A major concern when using drug-eluting coronary stents to treat acute myocardial infarction is the risk of late stent thrombosis, especially with the first-generation drug-eluting stents, the sirolimus-eluting Cypher and the paclitaxel-eluting Taxus stents. For several years, since evidence established a link between long-term dual antiplatelet therapy and reduced stent thrombosis, the issue has been can an acute myocardial infarction patient reliably remain on dual antiplatelet therapy for at least 1 year. This information is often difficult to know in the emergency department at the time of primary percutaneous coronary intervention.

This concern has been balanced by the very respectable performance of bare-metal stents when placed in acute myocardial infarction patients. Experience has taught us that when you have doubt about a patient’s willingness or ability to remain on dual antiplatelet therapy, there is nothing wrong with using a bare-metal stent.

What’s unclear is the potential role for the second-generation drug eluting stents for primary percutaneous coronary interventions. The everolimus-eluting stents seem to have a reduced risk for late thrombosis, compared with the first-generation stents in patients without an acute myocardial infarction. We’d like to know the performance of second-generation drug-eluting stents in myocardial infarction patients, but we currently have no evidence about this.

The data presented by Dr. Vagaonescu do not provide a solid case for using first-generation drug-eluting stents in myocardial infarction patients. These data came from a retrospective review, and the patients involved were very heterogeneous. It’s just a first step toward understanding, in a broad group of patients, how drug-eluting and bare-metal stents perform in myocardial infarction patients.

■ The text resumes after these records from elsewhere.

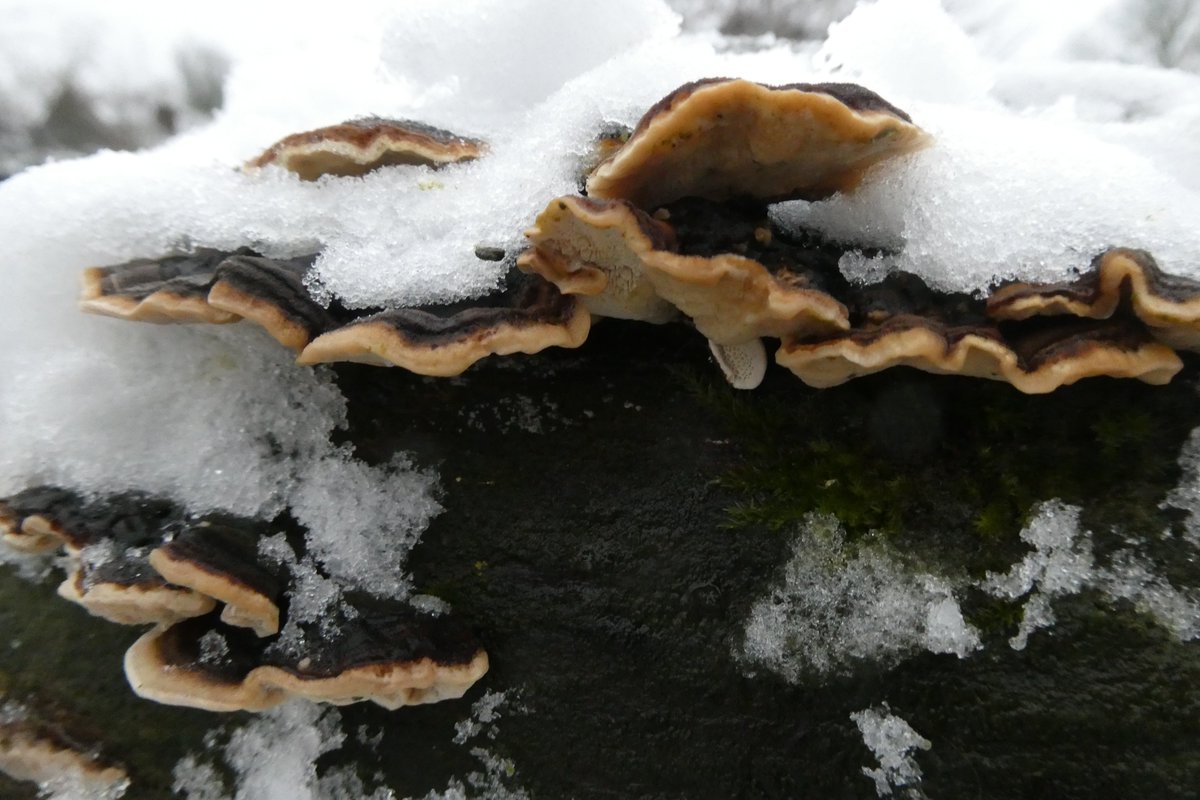 dvanduuren1's tweet photo. Alphabet Challenge

from: @sheenz_m_ 

This Weeks Theme:
- A for Angles - 
❄️🐸

Fungi in the Snow,
this Morning

#AlphabetChallenge #WeekAforAngles #hoeken #photochallenge #inspirational #photographylovers #naturephotography #frogperspective #NatureBeauty 
#snow #sneeuw #KNMI https://t.co/PYdf5RJjod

David G. Rizk, M.D., is an interventional cardiologist and director of the division of heart and vascular medicine at the Scottsdale (Ariz.) Healthcare Hospital. His comments were made in an interview.



NEW ORLEANS – Acute myocardial infarction patients treated with a drug-eluting coronary stent during a primary percutaneous coronary intervention had significantly better 5-year survival, compared with myocardial infarction patients who received a bare-metal stent, in a review of more than 12,000 patients treated in New Jersey during 2003-2004.

Although this analysis could not take into account selection biases that might have determined whether patients received drug-eluting or bare-metal stents, the findings in general provide reassurance about the safety of drug-eluting coronary stents for patients with an acute MI, Dr. Tudor D. Vagaonescu said at the annual meeting of the American College of Cardiology.

Dr. Tudor D. Vagaonescu

"These data are consistent with the idea that using drug-eluting stents in the setting of an acute MI is safe," said Dr. Vagaonescu, a cardiologist at the Robert Wood Johnson Medical School, New Brunswick, N.J.

"Our data show that preventing the need for revascularization [by using drug-eluting stents] helped with survival, although improved survival was likely due to a combination of things, including selection bias and the type of index event," he said in an interview.

But one expert who heard the findings remained unconvinced that drug-eluting coronary stents, especially the first-generation models (sirolimus- or paclitaxel-eluting) used during the era that the registry covered, have an advantage over bare-metal stents.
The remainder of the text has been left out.